• **AIM OF THE TASK**: Please output only the lines running from the one that contains "And also, I'm" through the last line of the data below, exactly as they stand, with no pictures.

• **STORED DATA**:
═══
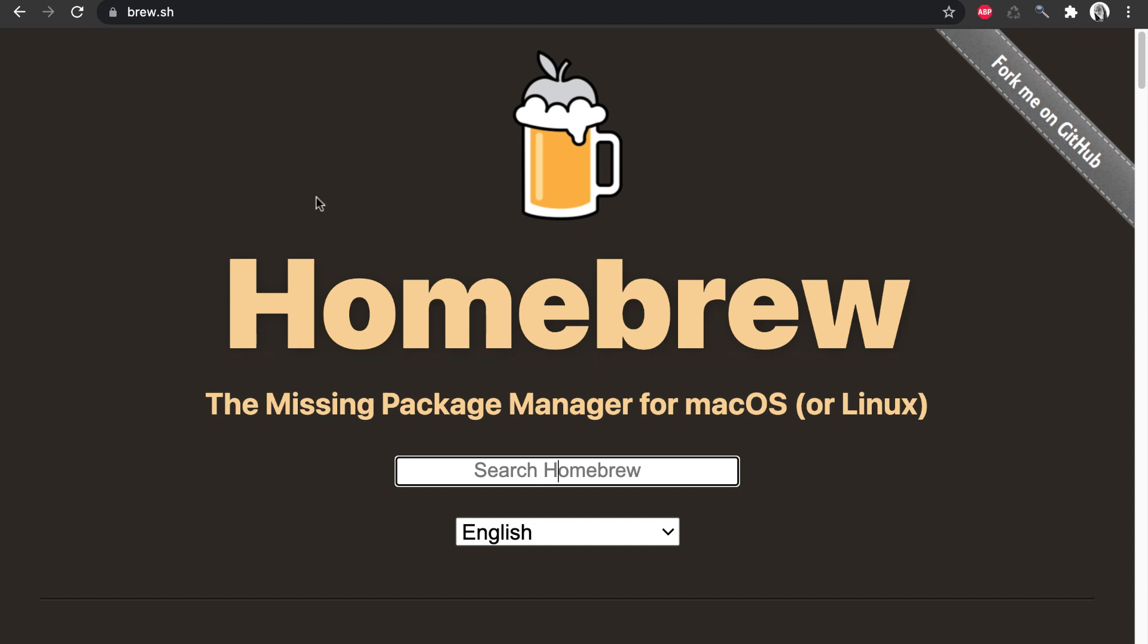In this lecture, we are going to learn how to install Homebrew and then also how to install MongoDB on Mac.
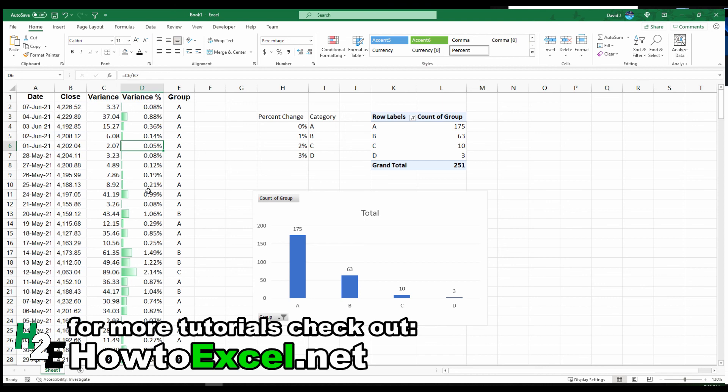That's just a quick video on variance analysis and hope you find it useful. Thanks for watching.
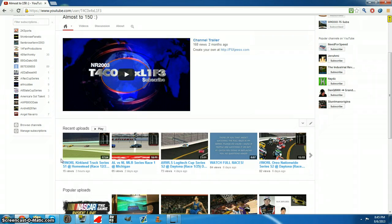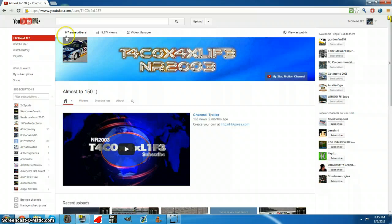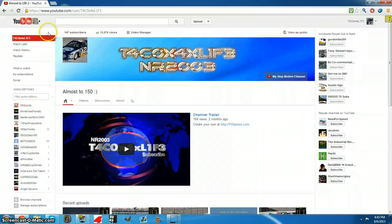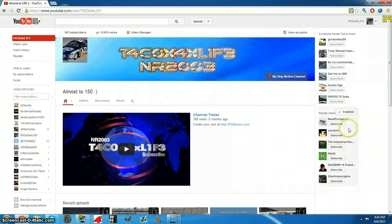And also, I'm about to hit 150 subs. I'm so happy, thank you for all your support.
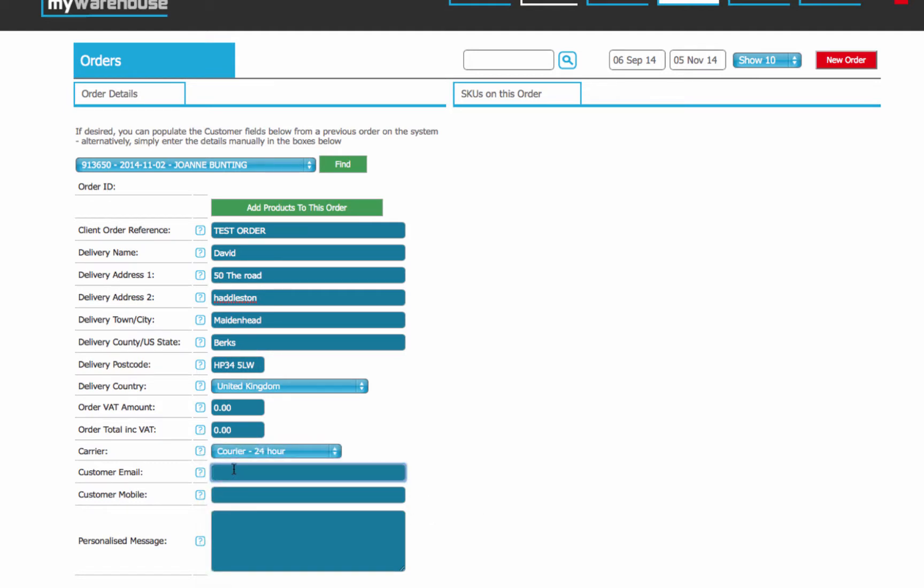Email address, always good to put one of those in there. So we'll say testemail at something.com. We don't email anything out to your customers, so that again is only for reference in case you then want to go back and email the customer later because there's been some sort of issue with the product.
═══
• **RESPONSE FOR THIS EXERCISE**:
And also, I'm about to hit 150 subs. I'm so happy, thank you for all your support.
Email address, always good to put one of those in there. So we'll say testemail at something.com. We don't email anything out to your customers, so that again is only for reference in case you then want to go back and email the customer later because there's been some sort of issue with the product.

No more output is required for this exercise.